Just understand what those people do... a soldier with a keyboard - and the full-weight of clandestine service requirements ever on your back. It ain't a trivial matter.

Civilian cybersecurity can be just as tough -- if you work for a defence contractor.

Working for a vendor like Kaspersky, Symantec, McAfee, etc is not the same. Completely different.
 

SpartacusSystem

Level 6
Verified
Just understand what those people do... a soldier with a keyboard - and the full-weight of clandestine service requirements ever on your back. It ain't a trivial matter.

Civilian cybersecurity can be just as tough -- if you work for a defence contractor.

Working for a vendor like Kaspersky, Symantec, McAfee, etc is not the same. Completely different.
I absolutely agree.

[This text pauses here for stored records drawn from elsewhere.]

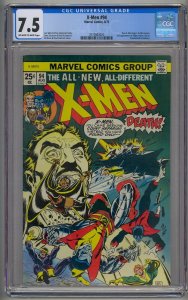 X-MEN #94 CGC 7.5 2ND APP NEW X-MEN BEGIN (3022)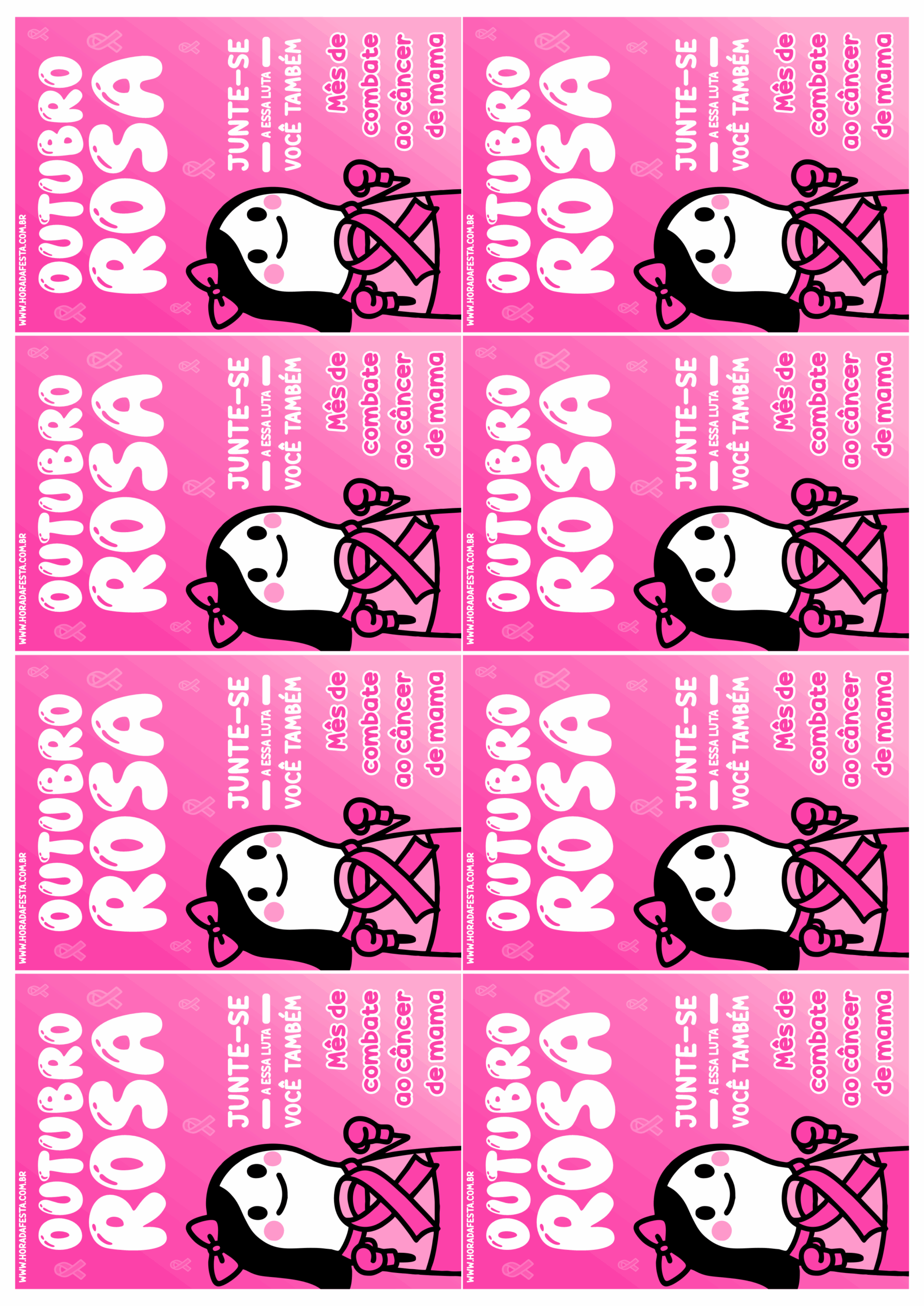 Outubro rosa junte-se a essa luta você também cartãozinho para imprimir lojinha de instagram mimo para cliente 8 imagens png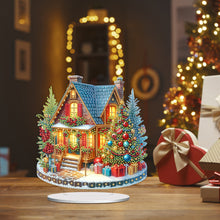 Load image into Gallery viewer, Acrylic Special Shape Christmas House Desktop Diamond Painting Art Kits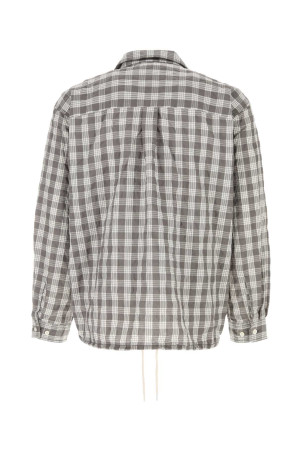Embroidered cotton blend oversize shirt NANAMICA (S26SG012E)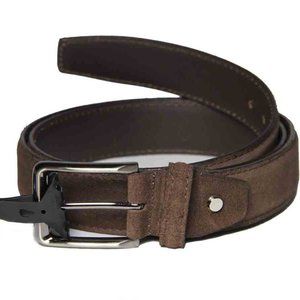 Tanners England Brown Leather Suede Belt Men's Size XL or 40-44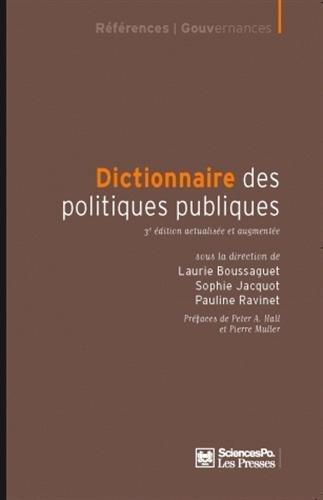 Dictionnaire des politiques publiques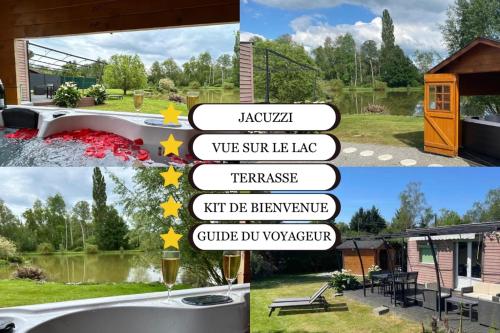 Cottage Le Rosie au bord du lac avec jacuzzi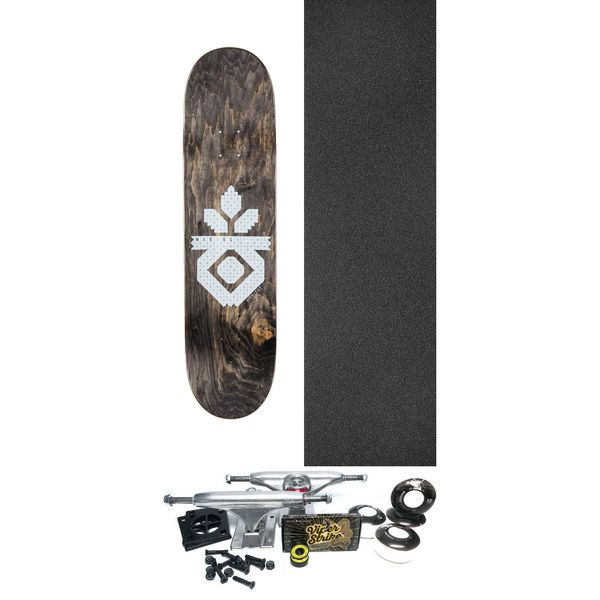 Habitat Skateboards Marius Syvanen Web of Life Skateboard Deck - 8.37" x 32" - Complete Skateboard Bundle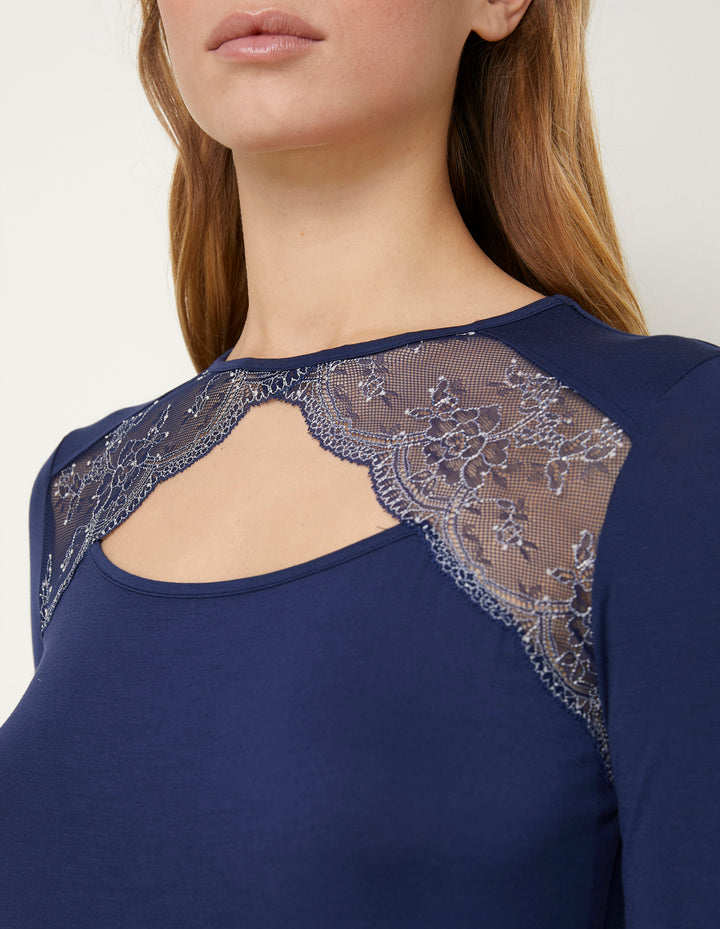 Long-sleeve nightshirt - Blue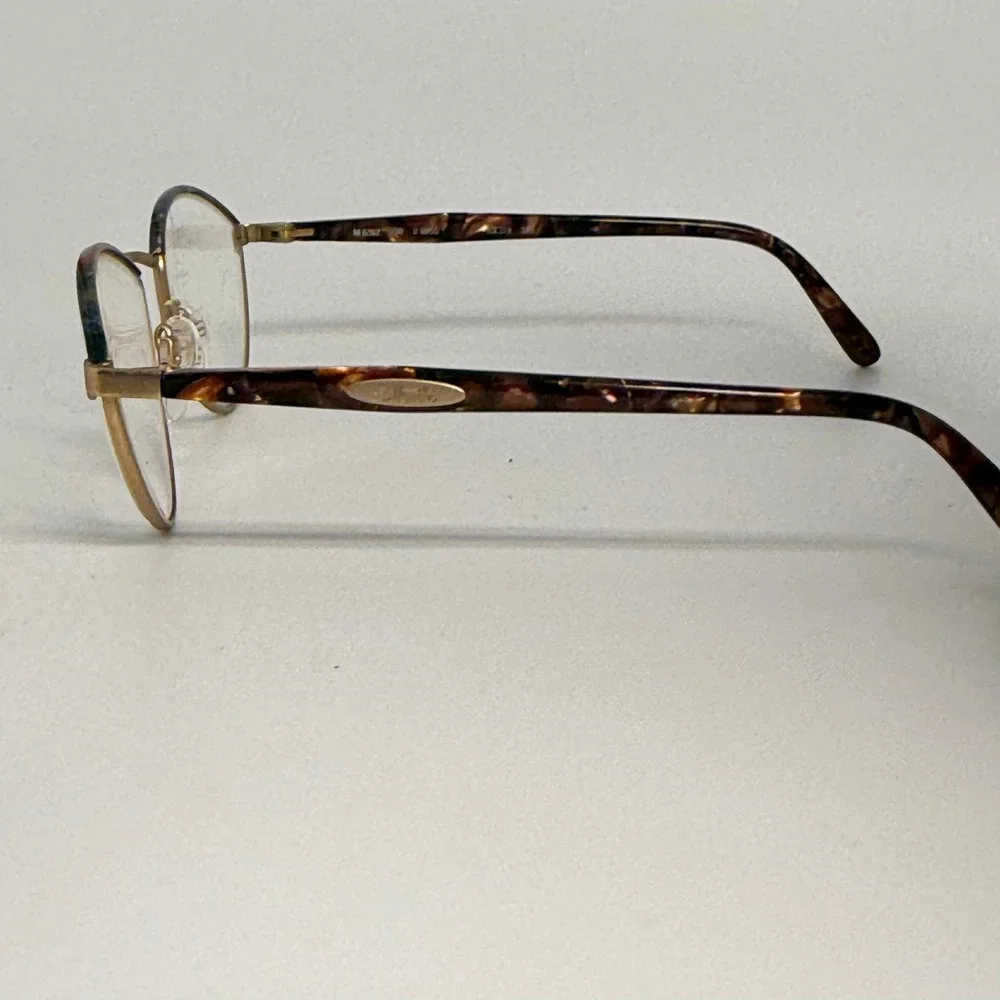 Silhouette M 6262 Gold Tortoise Cat Eye Eyeglass Frames Austria 55-18-130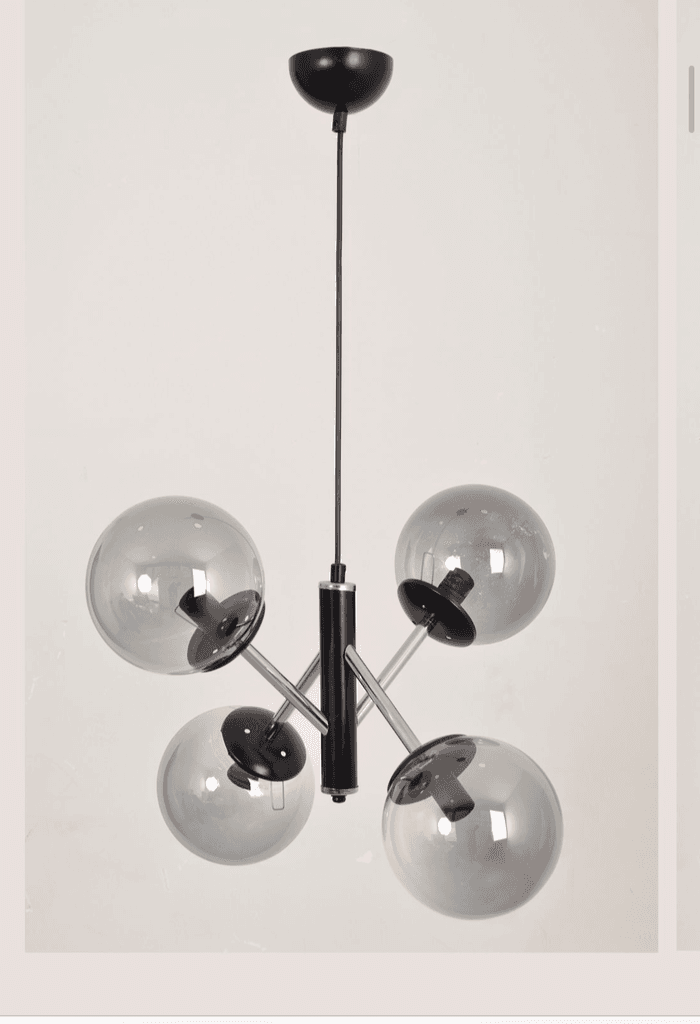 Milleryt Srebreni luster sa 4 kugle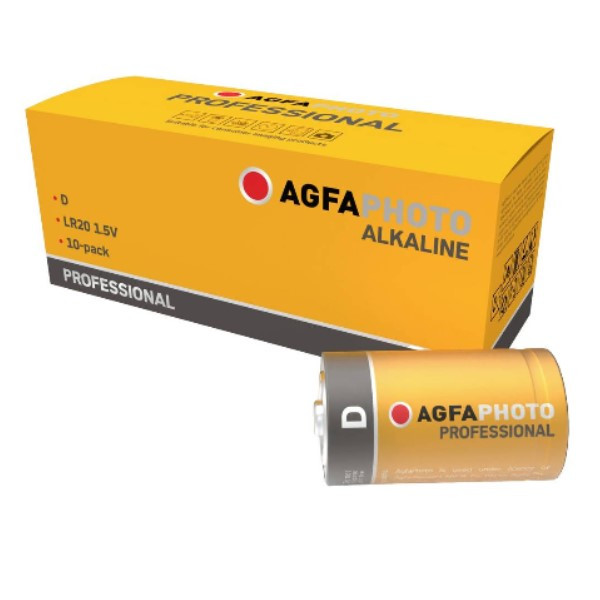 Agfaphoto Professional D / LR20 / MN1300 Alkaline Batterij (20 stuks)  AAG00074 - 1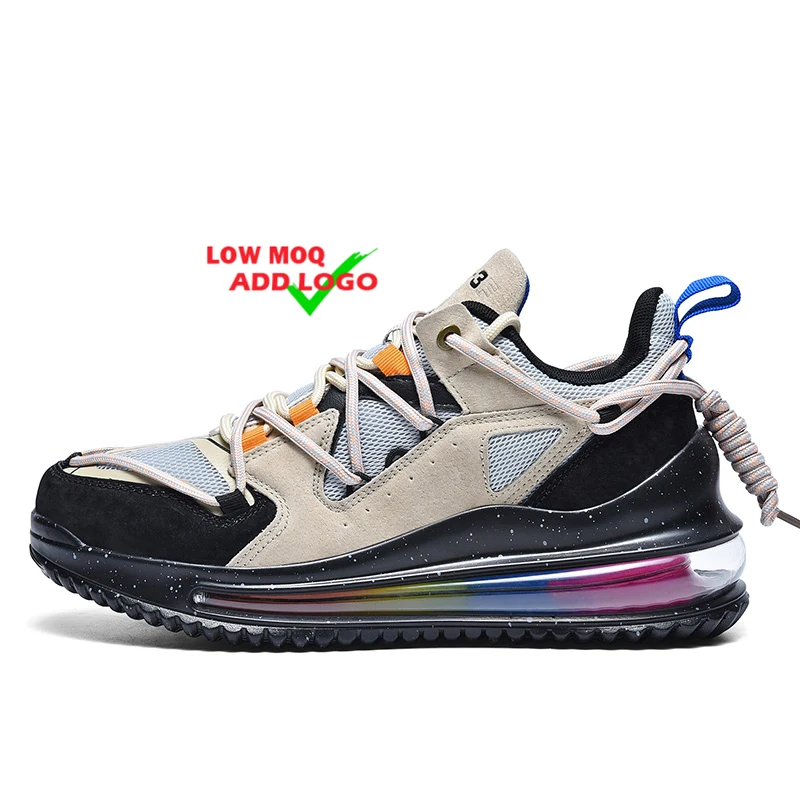 

Manufacturer Low MOQ shiny air cushion lace-up zapatos calzados men's fashion black casual sport trendy custom LOGO sneakers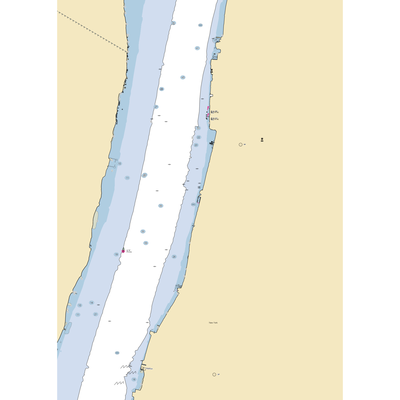 Palisade Boat Club (Yonkers, NY) NOAA Chart  Gaming Mouse Pad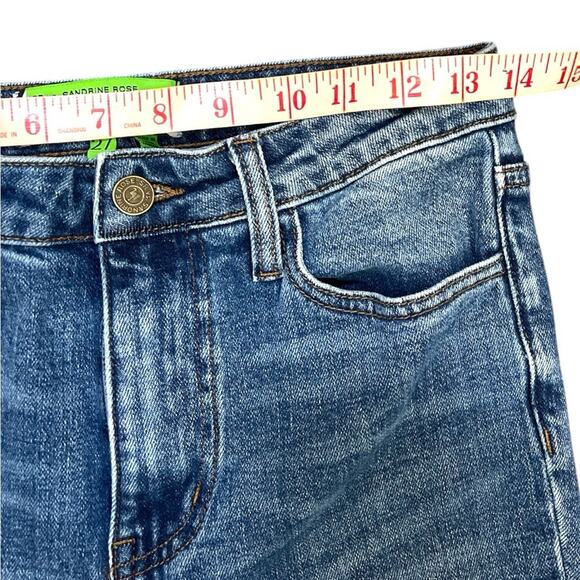 Sandrine Rose x Free People Super Flare Jeans Indigo Size 27 Distressed - Picture 14 of 16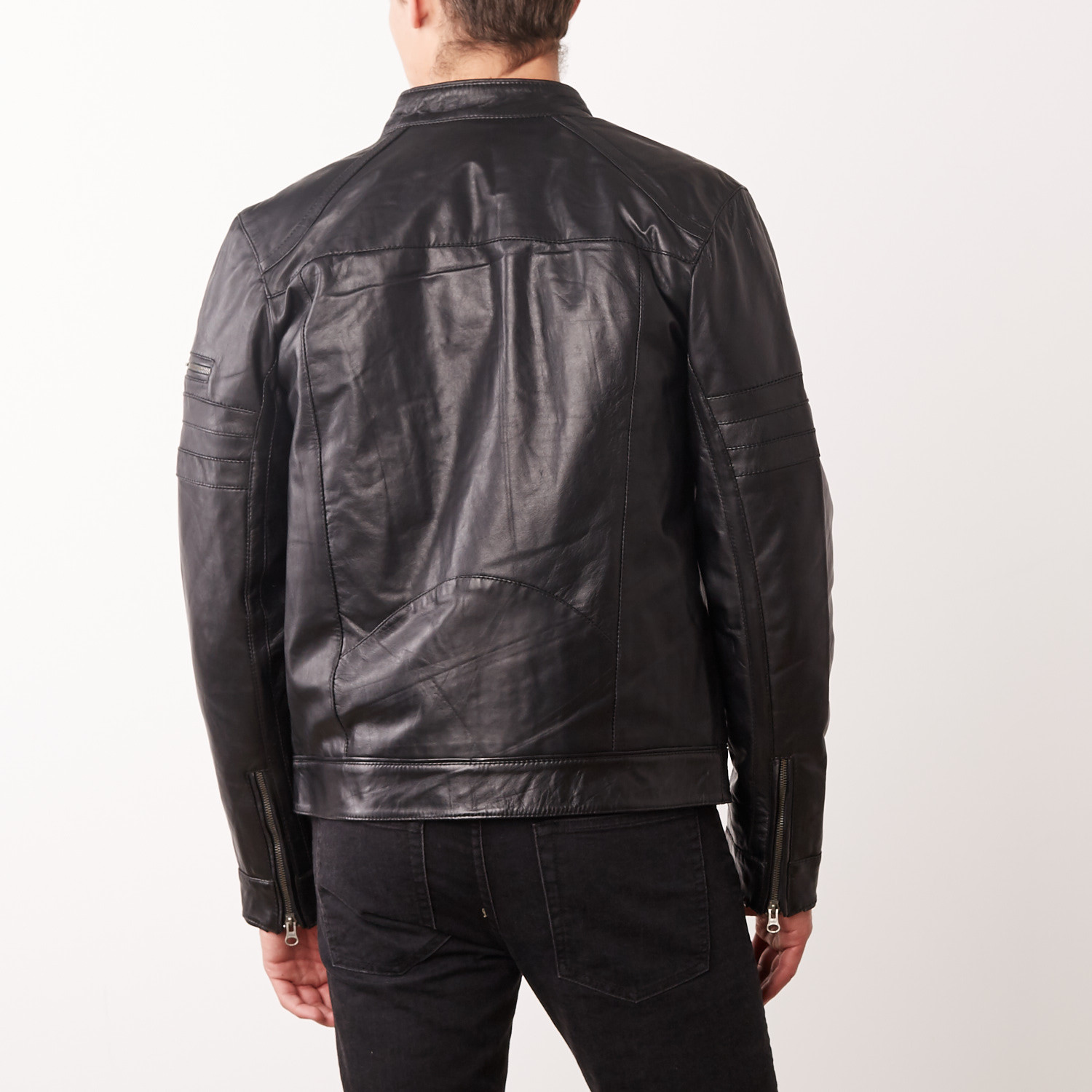 Zachary Leather Jacket // Black (S) - Helium - Touch of Modern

I wouldn't mind applying for student summer placements etc though, it would be a good experience. Students, Graduates & Apprentices | GCHQ
 
H

hjlbx

Would they teach you enough knowledge for that?
The whole premise is that you are the "real deal" and they don't have to teach you anything. If you can manage to hack GCHQ all by yourself - or NSA for that matter - then the thinking is that they would rather have you working for them instead of someone else. This is how clandestine service deals are made...

Just don't do any espionage - otherwise no deal; only long-term jail time.